### To do
Restate each line of the listing exactly, without carrying over any pictures.

### Given material
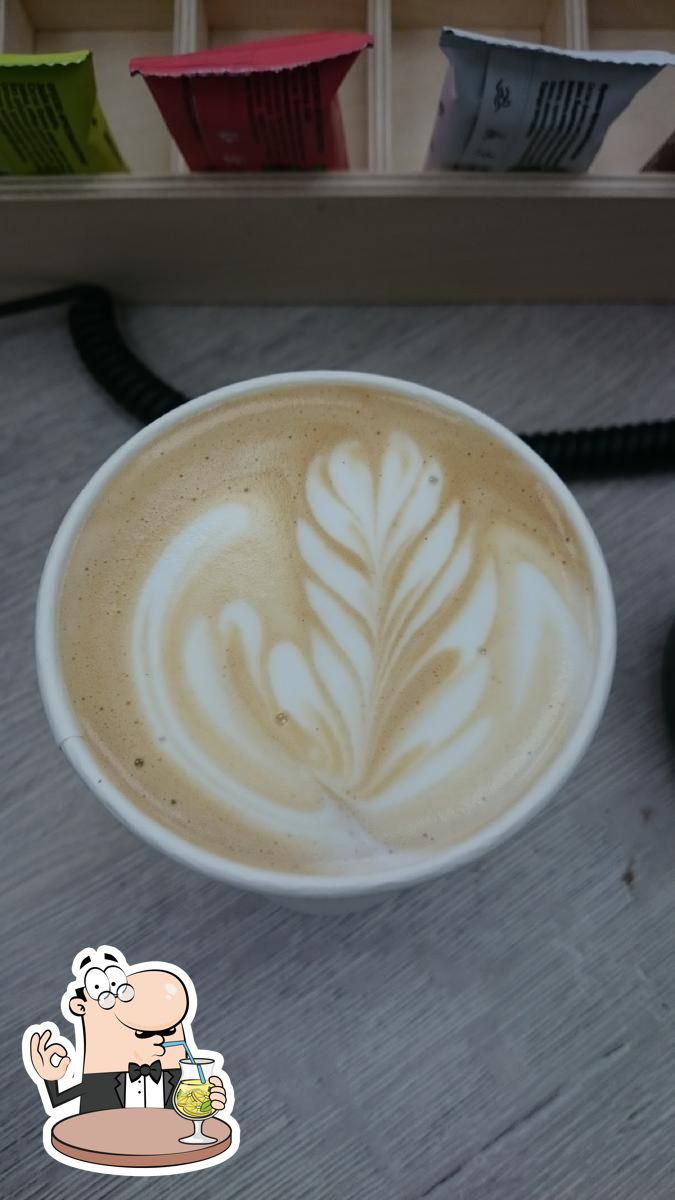 Macadamia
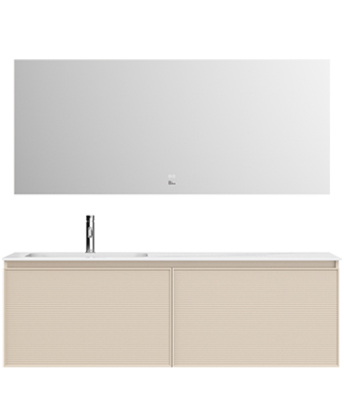 K1�������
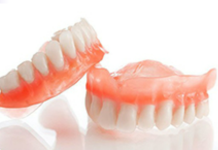 Акриловый протез: разновидности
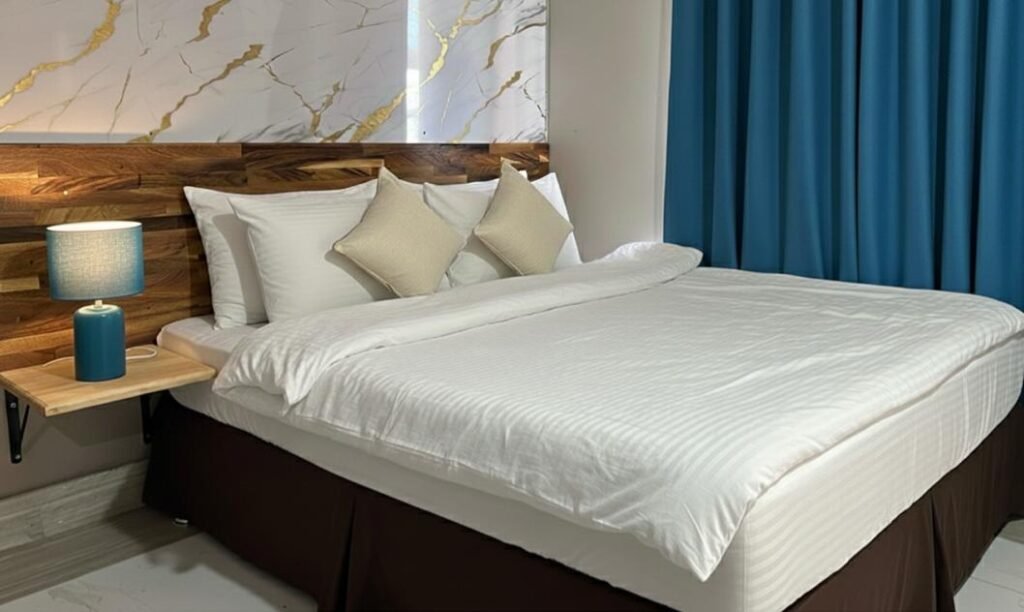 WhatsApp Image 2026-01-07 at 21.14.08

### Result of the exercise
 Macadamia
 K1�������
 Акриловый протез: разновидности
 WhatsApp Image 2026-01-07 at 21.14.08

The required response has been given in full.